Fabrice : j’ai vécu les deux : l’enseignement classique en école de musique, et l’apprentissage par transmission orale. En trad, cela fonctionne essentiellement sur la répétition : on refait et on refait le truc, jusqu’à temps que ça rentre. Mais si ces musiques sont plus faciles d’accès, leur apprentissage n’en est pas moins exigeant. Il y a d’abord une maîtrise technique à acquérir, surtout dans les musiques tsiganes qui sont des musiques de virtuoses. Mais c’est aussi une histoire de culture. Ça n’est pas naturel pour nous de jouer cette musique. En Afrique ou en Roumanie, ils entendent ça depuis tout petits…
Arnaud : en musique trad ou folk de l’ouest, il y a très peu de gens qui savent lire, et ça ne nous empêche pas de jouer. En Irlande, les musiciens traditionnels, qui jouent pourtant une musique très évoluée, disent que lire une partition et jouer en même temps l’air à danser, c’est comme se balader dans une maison et avoir besoin d’un plan pour passer d’une pièce à l’autre. La musique trad a toujours été transmise de bouche à oreille, et, il me semble qu’elle doit le rester. Après est-ce qu’on doit confier ce rôle à une structure comme une école de musique, ça c’est une autre question…

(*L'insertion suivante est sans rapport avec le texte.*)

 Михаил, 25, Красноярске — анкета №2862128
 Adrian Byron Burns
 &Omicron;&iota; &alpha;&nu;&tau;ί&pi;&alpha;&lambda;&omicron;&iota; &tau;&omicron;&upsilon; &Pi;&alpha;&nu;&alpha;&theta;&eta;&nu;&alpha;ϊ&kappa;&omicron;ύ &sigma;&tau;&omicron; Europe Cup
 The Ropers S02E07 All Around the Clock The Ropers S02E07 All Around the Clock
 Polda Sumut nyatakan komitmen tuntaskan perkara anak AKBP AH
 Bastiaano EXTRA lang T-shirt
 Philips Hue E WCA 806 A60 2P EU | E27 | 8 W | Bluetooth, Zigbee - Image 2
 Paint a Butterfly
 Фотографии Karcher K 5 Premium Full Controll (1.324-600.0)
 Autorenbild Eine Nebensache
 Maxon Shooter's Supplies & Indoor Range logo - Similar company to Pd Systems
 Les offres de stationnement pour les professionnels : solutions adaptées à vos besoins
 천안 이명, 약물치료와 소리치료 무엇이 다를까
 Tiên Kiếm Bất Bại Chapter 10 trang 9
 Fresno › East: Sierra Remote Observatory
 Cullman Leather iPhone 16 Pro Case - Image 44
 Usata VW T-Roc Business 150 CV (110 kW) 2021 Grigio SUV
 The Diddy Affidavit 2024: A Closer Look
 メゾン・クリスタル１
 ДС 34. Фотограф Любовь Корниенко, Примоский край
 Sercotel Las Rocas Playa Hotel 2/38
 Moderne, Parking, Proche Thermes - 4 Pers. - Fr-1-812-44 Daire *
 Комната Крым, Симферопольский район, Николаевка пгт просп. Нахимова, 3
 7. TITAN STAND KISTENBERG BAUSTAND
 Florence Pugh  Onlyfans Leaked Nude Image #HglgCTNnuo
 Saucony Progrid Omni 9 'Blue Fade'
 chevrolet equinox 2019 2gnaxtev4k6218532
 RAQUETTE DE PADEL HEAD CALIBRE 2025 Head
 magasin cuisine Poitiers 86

Eric : c’est d’abord la méthode d’apprentissage et de transmission qui compte, et pas forcément le lieu ou se déroule cet apprentissage. Qu’il soit associatif ou public, c’est le contenu qui compte et pas le contexte. Mais ce qui est important, c’est que les écoles de musique essaient de s’ouvrir, comme ici à Evron, Bonchamp, Saint-Berthevin, Ernée… Aujourd’hui, on travaille avec toutes ces écoles.

En musique traditionnelle, on sent que la question du lien social est centrale…

Arnaud : Bien sûr. Le but des bals folk, c’est de faire se rencontrer les gens, de créer du lien…
Fabrice : c’est ce que j’apprécie dans les bals folk. Tu débarques, tu ne connais personne et tu peux te retrouver en trois heures avec 20 potes. Il y a une connivence, une proximité entre les musiciens et les danseurs, entre les danseurs eux-mêmes… Et la proximité c’est la base de nos musiques à nous. Tu es dans une fête, tu sors ton djembé, ton harmonica et hop, pas besoin de sono, c’est parti !
Eric : et on a besoin de ça ! Aujourd’hui, on vit dans une société où l’on est très consommateurs et individualistes. Il y a un moment où l’on se dit : « j’ai fait le tour des boîtes, des machins, des trucs… j’en ai marre ». La salsa, les bals folk, les danses à deux, à quatre, en ligne… rencontrent un succès phénoménal en ce moment. Il y a une demande incroyable pour ces danses collectives. Mais c’est normal, regarde comment on vit aujourd’hui !? C’est lourd ! C’est lourd d’être tout seul devant sa télé, d’avoir du mal à rencontrer des gens…
Arnaud : en Irlande, ces moments collectifs sont encore très présents. C’est naturel pour eux. Les gens n’ont pas perdu ça…
Eric : avec MPI, nous travaillons beaucoup dans les quartiers, en lien avec la communauté guinéenne. On organise des ateliers avec les enfants, on joue lors des fêtes traditionnelles et communautaires. On fait vivre cette musique ici, en lien avec les populations africaines. On connaît beaucoup d’assos à Rennes, à Nantes, etc., qui proposent comme nous des cours, des stages… et qui n’ont pas du tout de liens avec la communauté africaine de leur ville. Je ne concevrais pas notre action sans ce travail-là. À un moment, tout ça dépasse largement le cadre de la musique.